What is expected:
Reproduce the full listing as it stands. Images do not belong in the copy.

Data:
┄┄┄┄┄┄┄┄┄┄
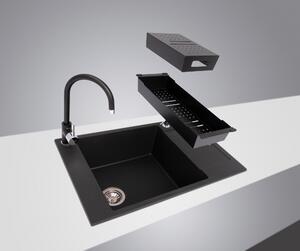 Granitový drez Sinks VARIO 780 Titanium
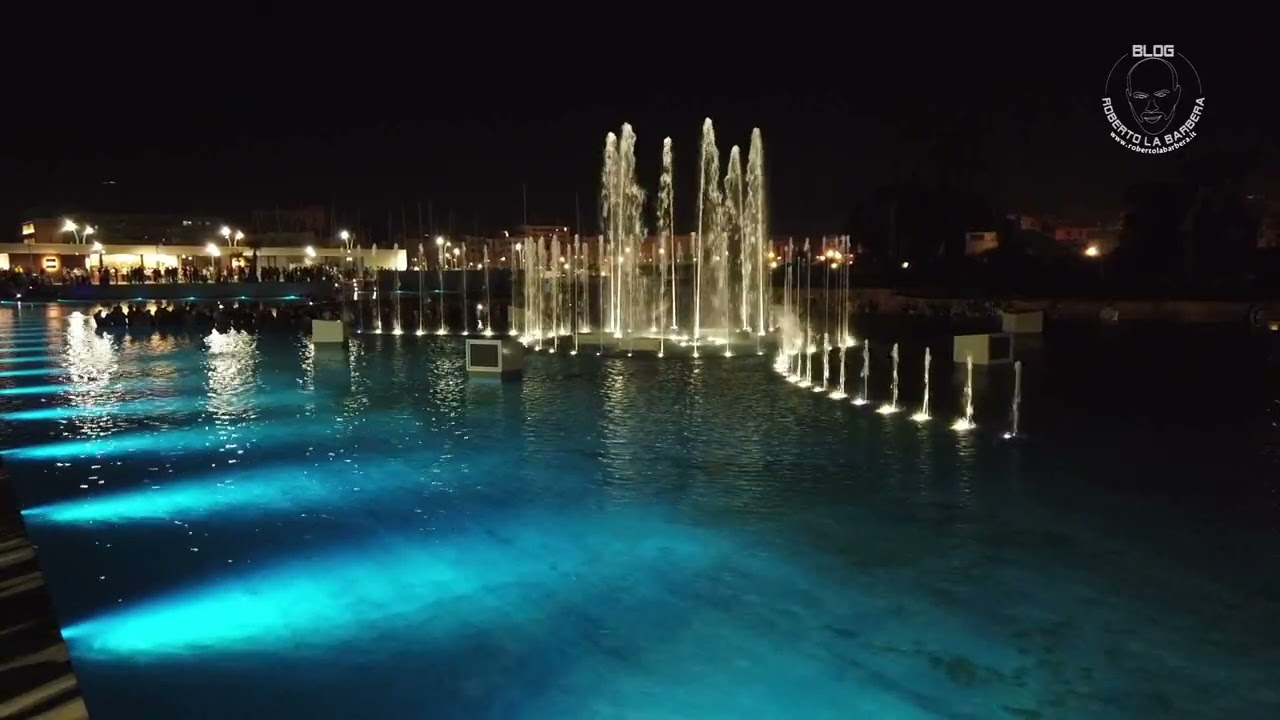 Palermo Marina Yachting. Il Molo trapezoidale a Palermo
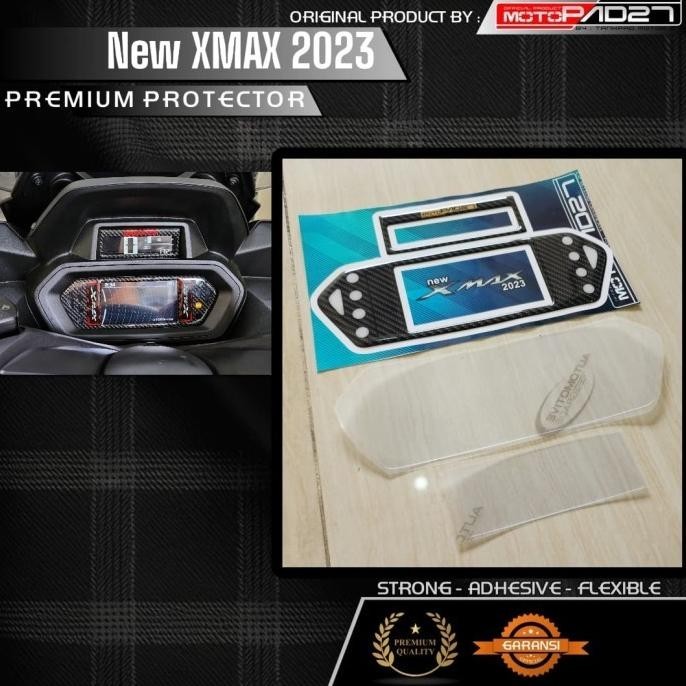 Stiker Speedometer Xmax New 2023 Stiker Antigores + Spidometer Xmax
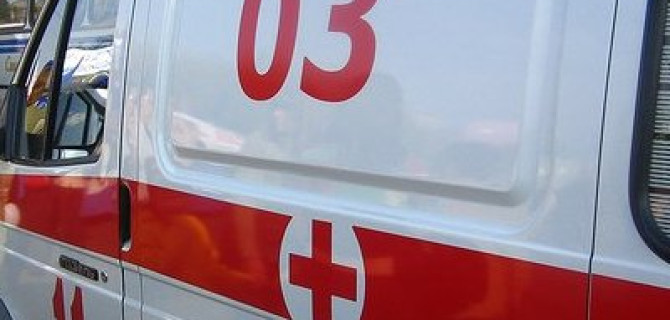 В Москве «скорая» попала в ДТП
┄┄┄┄┄┄┄┄┄┄
Response for this exercise:
 Granitový drez Sinks VARIO 780 Titanium
 Palermo Marina Yachting. Il Molo trapezoidale a Palermo
 Stiker Speedometer Xmax New 2023 Stiker Antigores + Spidometer Xmax
 В Москве «скорая» попала в ДТП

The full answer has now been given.